== Exercise goal ==
Reproduce the data exactly and drop any pictures it holds.

== Given information ==

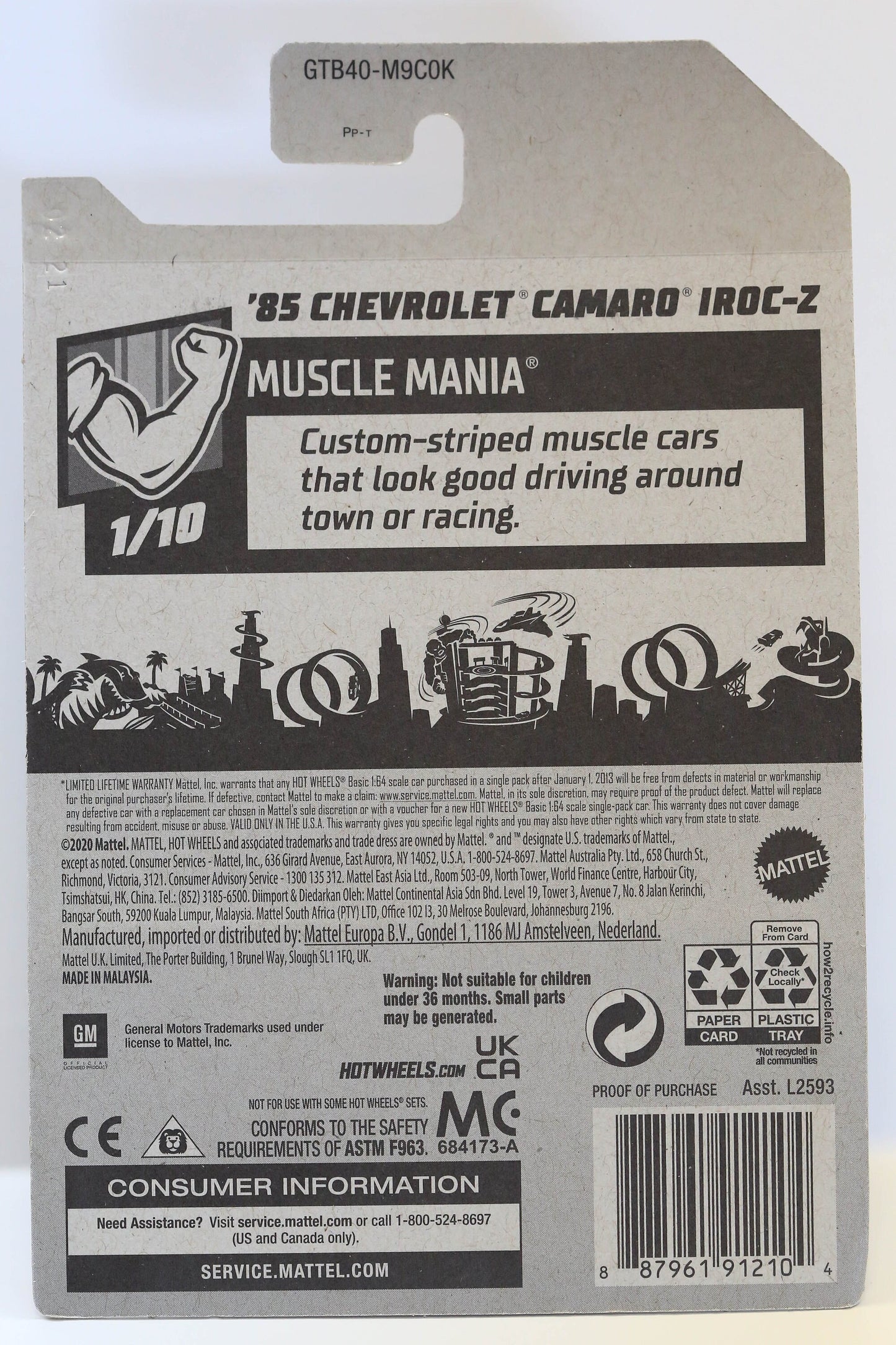 Hot Wheels '85 Chevrolet Camaro IROC-Z HW Muscle Mania GTB40 - Plus (+) a Bonus Hot Wheel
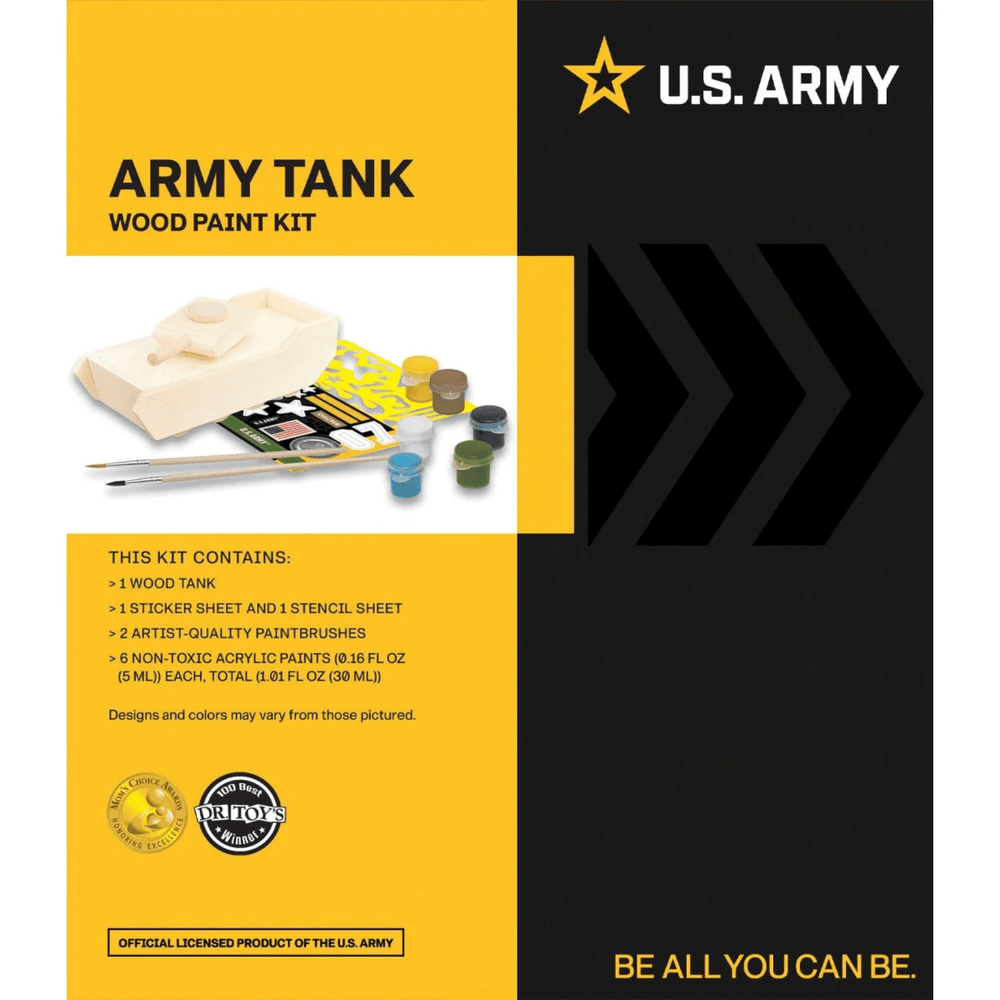U.S. Army - Tank Wood Craft & Paint Kit-Craft Activity-Tools 4 Teaching-Classroom Decor and More
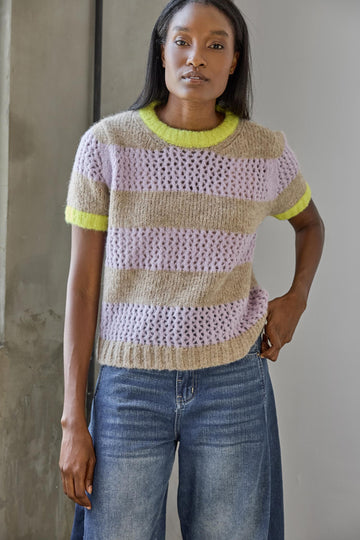 Short Sleeve Stripe Sweater in color Lily/Husk Stripe Image C1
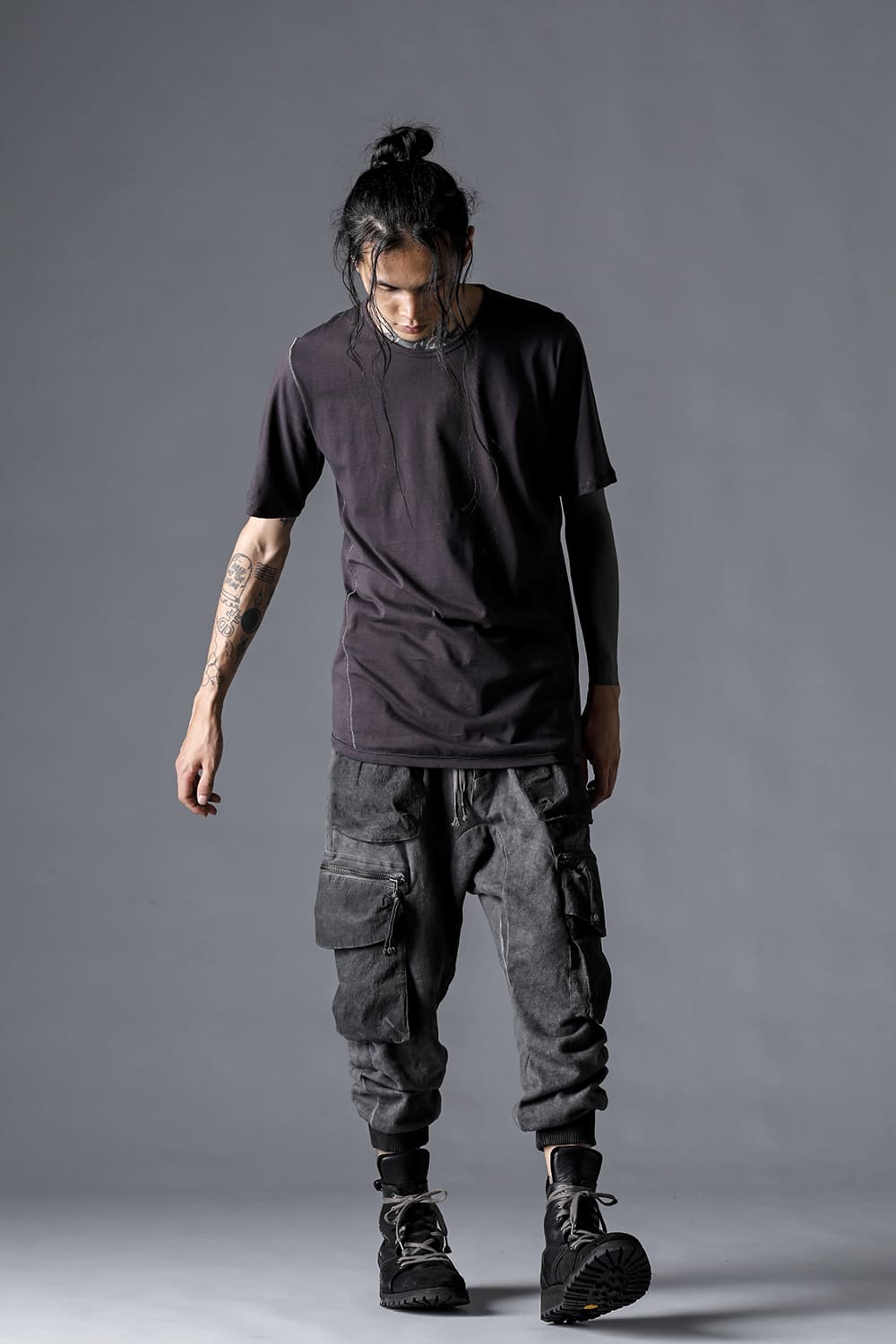 Untwisted Fleece-Lined Drop Crotch Cargo Wide Jog Pants  Charcoal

== Exercise output ==
 Hot Wheels '85 Chevrolet Camaro IROC-Z HW Muscle Mania GTB40 - Plus (+) a Bonus Hot Wheel
U.S. Army - Tank Wood Craft & Paint Kit-Craft Activity-Tools 4 Teaching-Classroom Decor and More
 Short Sleeve Stripe Sweater in color Lily/Husk Stripe Image C1
 Untwisted Fleece-Lined Drop Crotch Cargo Wide Jog Pants  Charcoal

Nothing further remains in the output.